EXERCISE INPUT —
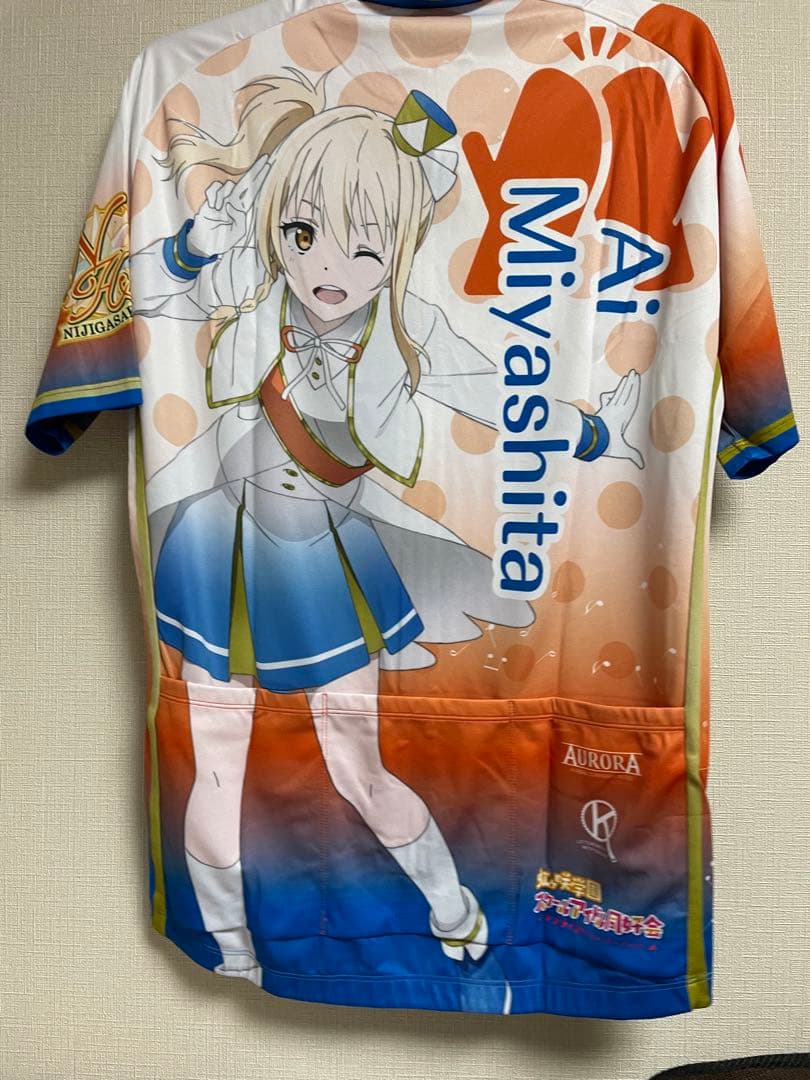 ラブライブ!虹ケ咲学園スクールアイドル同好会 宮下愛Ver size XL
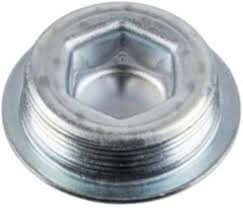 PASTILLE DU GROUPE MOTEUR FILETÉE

* * *

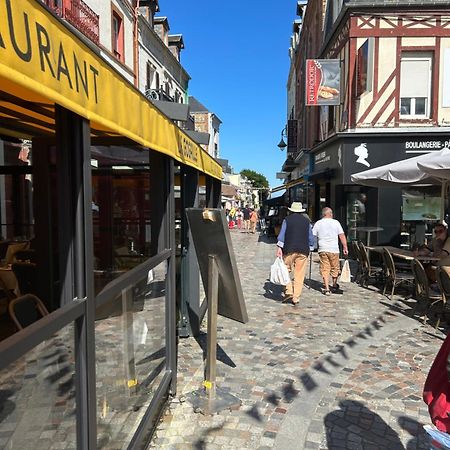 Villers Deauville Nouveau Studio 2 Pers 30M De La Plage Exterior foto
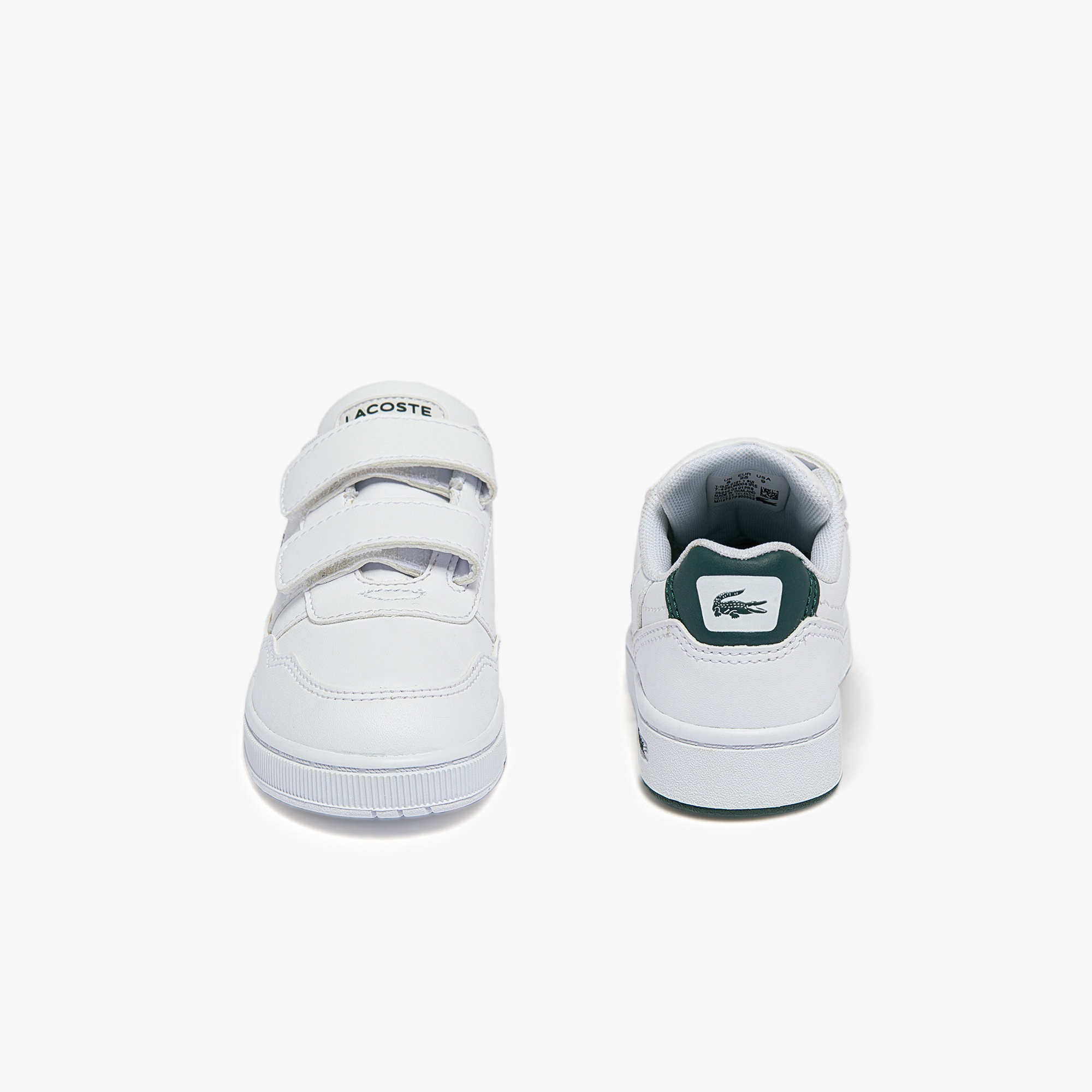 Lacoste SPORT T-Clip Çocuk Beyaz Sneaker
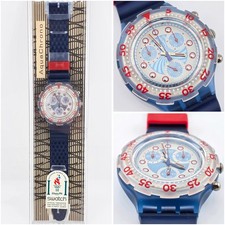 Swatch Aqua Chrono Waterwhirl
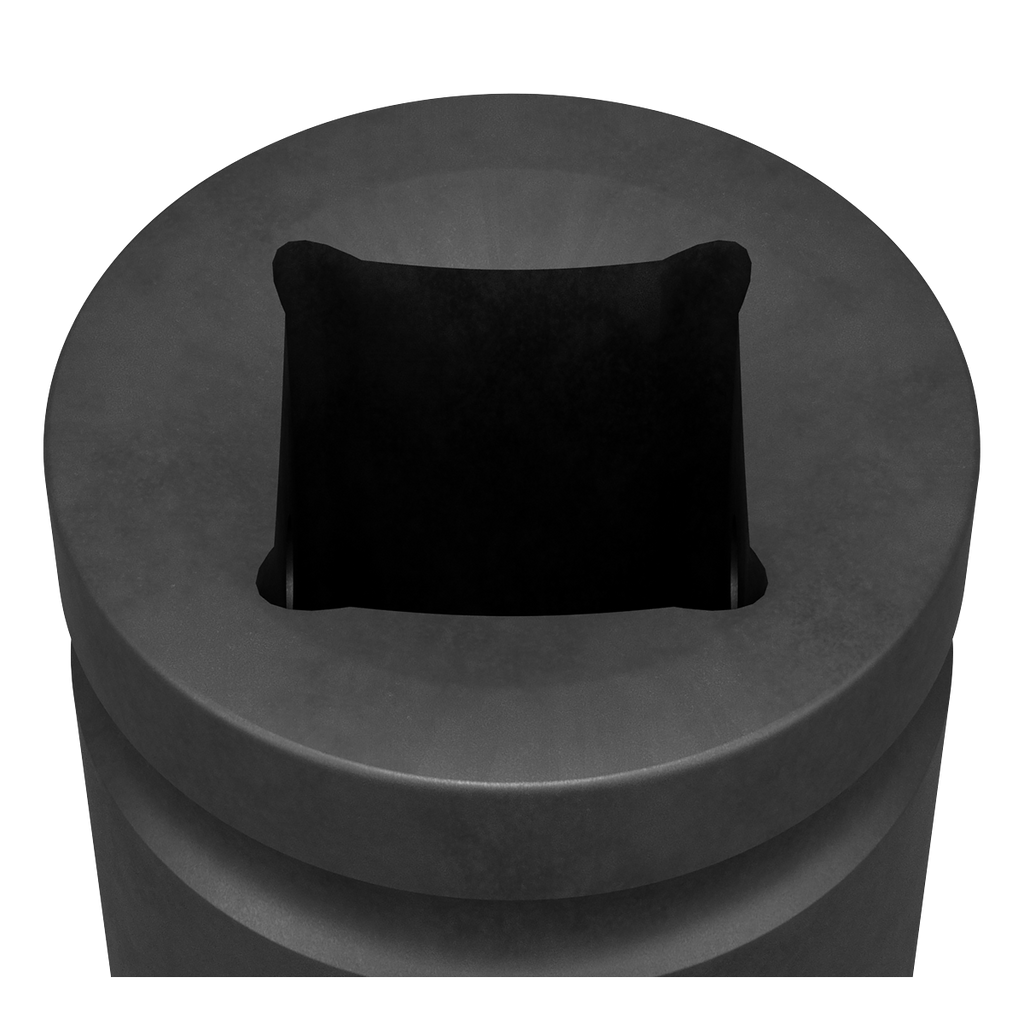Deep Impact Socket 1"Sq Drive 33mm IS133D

AIM OF THE EXERCISE — Taking the records above, print only and exactly the lines from the line with "ラブライブ!虹ケ咲学園スクールアイドル同好会 宮下愛Ver size XL" to the line with "PASTILLE DU GROUPE MOTEUR FILETÉE", both kept, and exclude pictures.

OUTPUT OF THE EXERCISE —
 ラブライブ!虹ケ咲学園スクールアイドル同好会 宮下愛Ver size XL
 PASTILLE DU GROUPE MOTEUR FILETÉE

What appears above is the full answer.